TCP server internals
Let’s look on how the server application receives a request. When the client connects to the server, the server opens a new connection and starts listening for incoming data. Data usually arrives in chunks, and the server tries to find the end of the request by looking for delimiter characters or by a specified length, which might be indicated in the first few bytes.
A typical CPU can handle data transfer rates that are orders of magnitude faster than a network link is capable of sustaining. Thus, the server that is doing lots of I/O will spend much of its time blocked while network catches up. To not to block the other clients while waiting, the server has to handle the request reading in a concurrent manner.
A popular way to do so is to use a thread-per-client. But there are some problems with threads. Well, Python has no real multithreading support at all. Instead it has GIL (Global Interpreter Lock). GIL is necessary mainly because Python’s memory management is not thread-safe. It’s preventing multiple native threads from executing Python bytecodes at once.
On the one hand this makes the threaded programming with Python fairly simple: to add an item to a list or set a dictionary key, no locks are required. But on the other hand it leads to relatively big chunks of code that are executed sequentially, blocking each other for an undetermined amount of time.

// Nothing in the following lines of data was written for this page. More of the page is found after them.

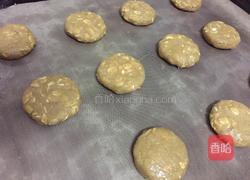 咖啡燕麦曲奇的做法图解4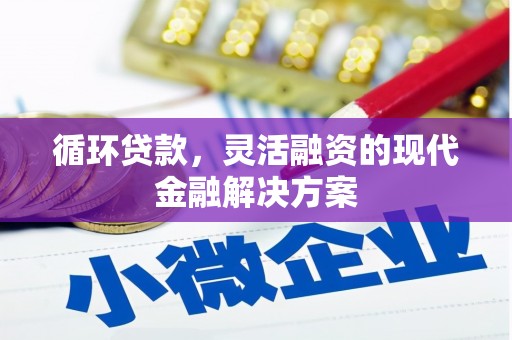 米东循环贷款，灵活融资的现代金融解决方案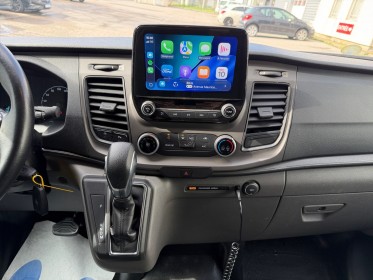 Ford transit custom kombi l2h1 130 bva 9 places attelage tpmr garantie 12 mois occasion simplicicar nimes - rb auto...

The in-depth explanation of this problem is in this
video by David Beazley.
Disregarding the Python, there is much wider problem with threads. I was actually surprised with how many cons are in using them. Apparently, the cons are varying from being a bad design (as described here
) to more pragmatic ones such as consuming a fair amount of memory, since each thread needs to have its own stack. The stack size may vary on different OS’s.
On .NET it’s usually 1 Mb on 32 bit OS and 4 Mb on 64 bit OS. On Linux OS’s it might be up to 10 Mb per thread. Also, the context switches between many threads will degrade the performance significantly. Commonly, it’s not recommended to have more than 100 threads. Not surprisingly, it is also always difficult to write code that is thread safe. You have to care about such things as race condition, deadlocks, live-locks and starvation!
Fortunately there is a better way to handle concurrency. Python excels in a very specific area; asynchronous (aka non-blocking) network servers.
Back in the days before multi-threading was invented, asynchronous designs were the only available mechanism for managing more than one connection in a single process.
I’d like to illustrate this principle by example published in the linuxjournalsarticle
by Ken Kinder:
Have you ever been standing in the express lane of a grocery store, buying a single bottle of water, only to have the customer in front of you challenge the price of an item, causing you and everyone behind you to wait five minutes for the price to be verified?
Plenty of explanations of asynchronous programming exist, but I think the best way to understand its benefits is to wait in line with an idle cashier. If the cashier were asynchronous, he or she would put the person in front of you on hold and conduct your transaction while waiting for the price check. Unfortunately, cashiers are seldom asynchronous. In the world of software, however, event-driven servers make the best use of available resources, because there are no threads holding up valuable memory waiting for traffic on a socket. Following the grocery store metaphor, a threaded server solves the problem of long lines by adding more cashiers, while an asynchronous model lets each cashier help more than one customer at a time.The APM basic flow is visualized below:
The module is waiting for the event. Once there is any, it reacts (thus the name reactor) by calling the appropriate callback:
Python has introduced a high performance asynchronous server framework already since 1995 called Medusa.
That has turned to an archetype of nowadays well known Zope
. It has been built initially addressing C10K problem, which is a simple one; how to service 10,000 simultaneous network requests. I refer you to the C10Kwebsite
for enormously detailed technical information on this complex problem
It is sufficient to say that asynchronous architectures, with their much smaller memory usage, and lack of need for locking, synchronization and context-switching, are generally considered to be far more performant than the threaded architectures.
Here is a very impressive graph that compares Apache which is threaded with Nginx which is asynchronous.
So if you’ll ever need to handle hight traffic or just to have fun with trying a different programming thinking, you should consider to write an asynchronous application.